----- RECORD SET
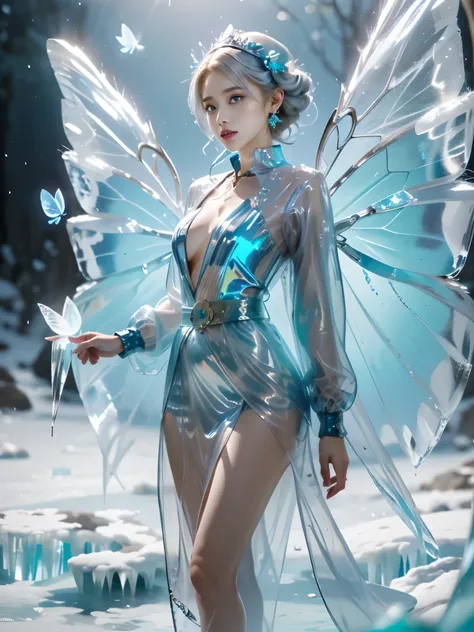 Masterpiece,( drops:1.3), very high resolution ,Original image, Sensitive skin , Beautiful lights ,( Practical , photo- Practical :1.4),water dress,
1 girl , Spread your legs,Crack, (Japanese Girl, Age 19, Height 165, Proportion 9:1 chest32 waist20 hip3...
----------
----- RECORD SET
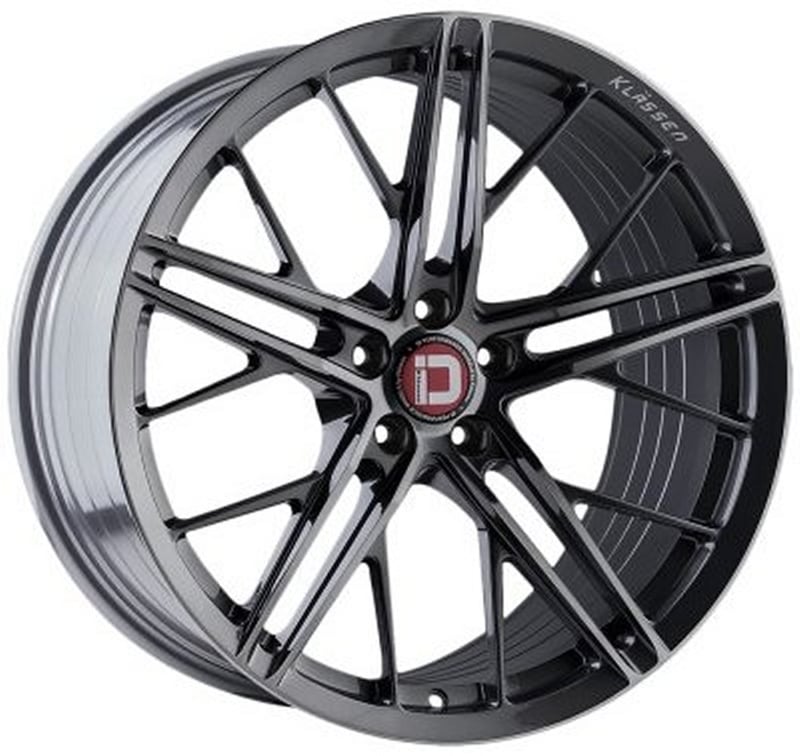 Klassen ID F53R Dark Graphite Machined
----------
----- RECORD SET
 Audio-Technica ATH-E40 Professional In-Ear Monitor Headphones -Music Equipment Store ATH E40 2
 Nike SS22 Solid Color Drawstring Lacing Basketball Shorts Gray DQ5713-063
----------
- [PROBLEM TO WORK ON] Your answer is the exact run of lines above from the one with "Masterpiece,( drops:1.3), very" through the one with "1 girl , Spread", both ends included, minus any picture.

- [RESPONSE TO THE EXERCISE]
 Masterpiece,( drops:1.3), very high resolution ,Original image, Sensitive skin , Beautiful lights ,( Practical , photo- Practical :1.4),water dress,
1 girl , Spread your legs,Crack, (Japanese Girl, Age 19, Height 165, Proportion 9:1 chest32 waist20 hip3...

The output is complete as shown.